[Avodah] tannaitic transmission?

Micha Berger via Avodah avodah at lists.aishdas.org
Mon Oct 31 09:44:18 PDT 2016


On Fri, Oct 28, 2016 at 08:42:44AM +0000, Rich, Joel via Avodah wrote:
: The gemara in makot (15b-top) has an exchange between R'Yochanan and a
: Tanna (whose job it was to memorize tannaitic material)...

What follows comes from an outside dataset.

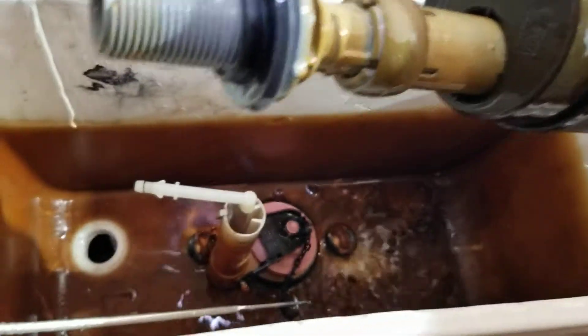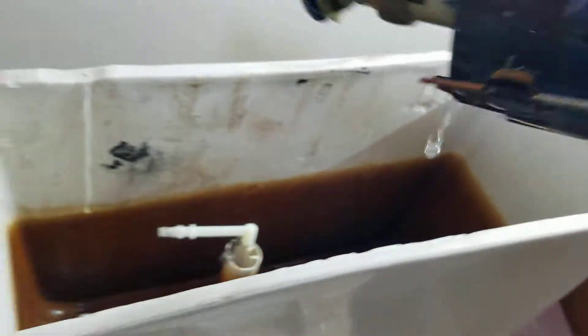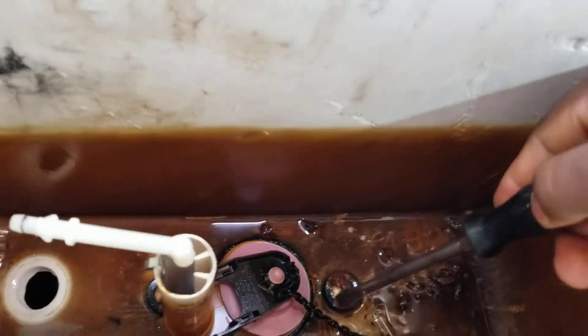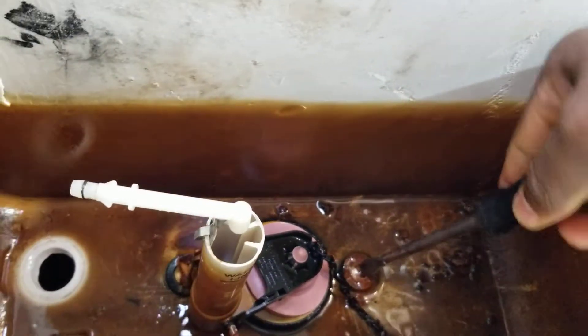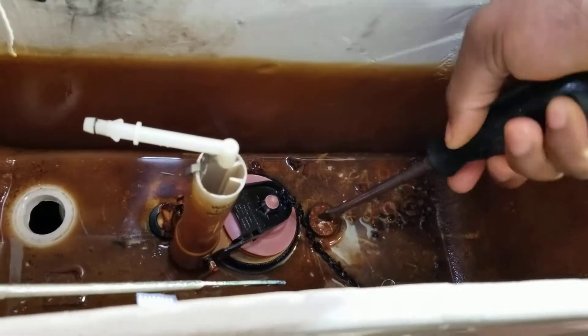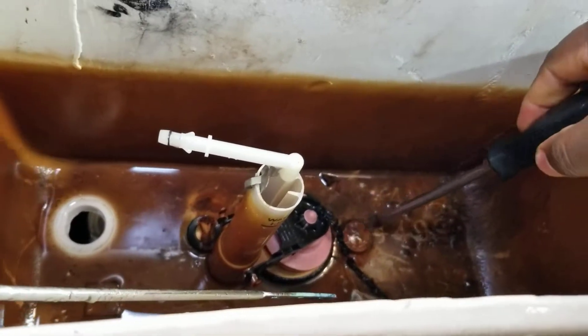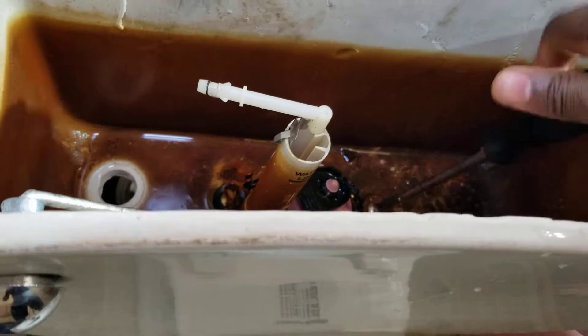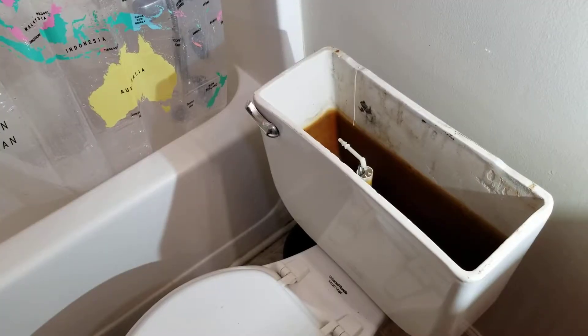This is actually junk — it has so much rust in there and it's not working right, so we're throwing it away. Once we got that off, we push the chain right here and take it out. Now we're going to need our flathead screwdriver to hold from the top, and in the other hand you'll need the 14-millimeter down there so the nut won't keep rolling on you. Sometimes it works pretty good, but just in case you can't get it out, use the 14-millimeter to prevent the bolt from rolling.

R' Yochanan was a first generation amorah. Being a talmid of Rebbe's since
before the closing of the mishnah. I think "tanna" still meant literally
"he who repeats" in that era, and only came to refer to the ones whose
words tended to be the things repeated much later.

...
: My other thought was that the tanna's transmission was true and it
: reflected the earlier generation's surety concerning the halacha in the
: endpoint cases, but lack of surety with the halacha in the in-between
: case and thus they recorded the agreed upon halachot and left the
: middle case unadjudicated. Perhaps R'Yochanan was saying it was time
: to finalize the adjudication according to his opinion. Thoughts?

Perhaps the most fundamental difference between the Bavli and the Y-mi
is that the Bavli is willing to interpolate what an earlier source would
have said, must have meant, etc... whereas the Y-mi would just leave such
questions unanswered. (Instead, Y-mi shaqla vetarya is about comparing
and ontrasting two dinim -- why does X hold here and not there? if X
holds there, we should assume it would work here too! and the like.)

We say that R' Yochanan and RL compiled the Y-mi, but if that were
true there would only be one generation of Israeli amoraim. Perhaps
they started the process of making a talmud, the way Abayei and Rava
started something which much later ended up R' Ashi and Ravina's Bavli
(which then got further editing...)

But in any case, if we use the Y-mi as an indicator of R Yochanan's style,
who would have cared more about preserving the mesorah, and quoting the
statement unmodified. I would therefore guess that if he is deciding
how the quote should be repeated, he isn't merely changing the din,
he is asserting that was how it was originally said.

It's a guess based on the feel of Israeli amoraic culture. Could well
be wrong.

Tir'u baTov!
-Micha

-- 
Micha Berger             When memories exceed dreams,
micha at aishdas.org        The end is near.